Late payments harm small and medium businesses across the country. In fact, around 50,000 of these stop trading every year due to this problem alone, causing untold damage to the entire UK economy.
“We spend a disproportionate amount of time chasing, chasing, and chasing again. Often escalating to CEOs etc which is not helpful for those longer term relationships.”– SME founder
We recently commissioned a YouGov survey with 500 business-to-business SMEs of up to 49 employees to better understand the impact of late payments. Of the businesses surveyed, 68% confirmed they regularly experience late payments, and 62% spend time each week chasing overdue invoices. This problem is seen across all business sectors, as seen below.
The impact of late payments is high
Not only do late payments affect cash flow, but they also create huge logistical and payroll costs as businesses struggle to recover their hard-earned money. After countless hours of chasing, businesses might avoid working with their late-paying clients, which in turn damages the client’s future supply chain and long-term business relationships. Ultimately, this has the power to slow down business on a global scale.

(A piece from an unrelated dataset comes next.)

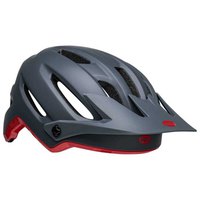 bell-4forty-mips-kask-mtb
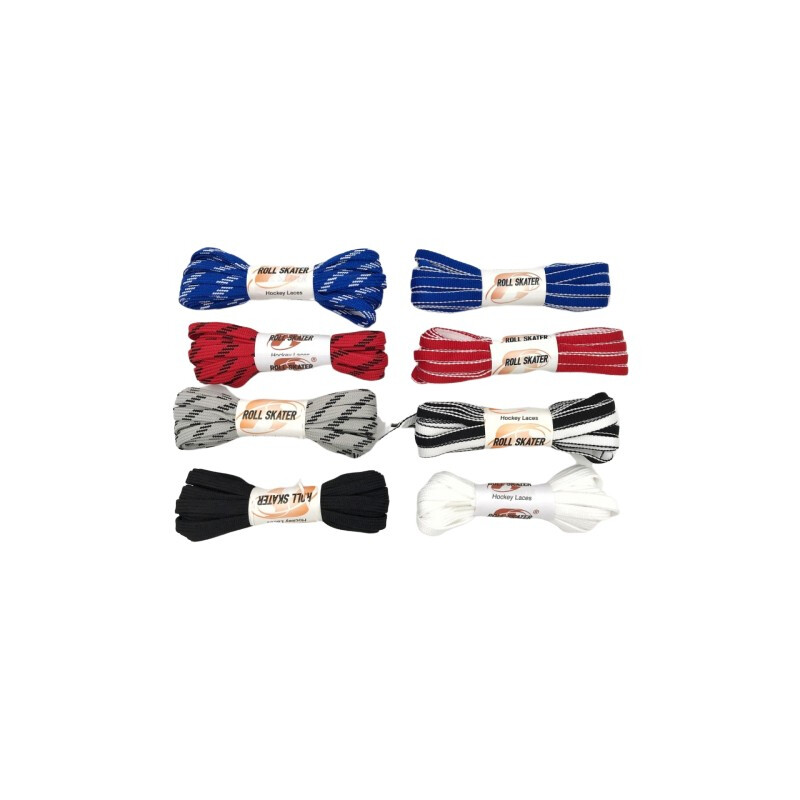 Roll Skater Laces 3m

“We have to put pressure on the client’s account system. Normally we’ve got some cash in the business, but once we’ve paid personal and corporation tax, we have to consider other finance options – such as using our overdraft or considering a loan.”– SME founder
What’s more, new research shows how late payments cause anxiety, depression, and stress to 62% of small business owners. All in all, payments hamper SMEs’ attitude to risk and growth by leaving them unable to plan for the future.
The full picture
Our findings highlight the devastating impact of late payments for SMEs and how it reaches far beyond the invoice itself. Across every B2B business sector, every region, and every size of SME, nobody escapes late payments.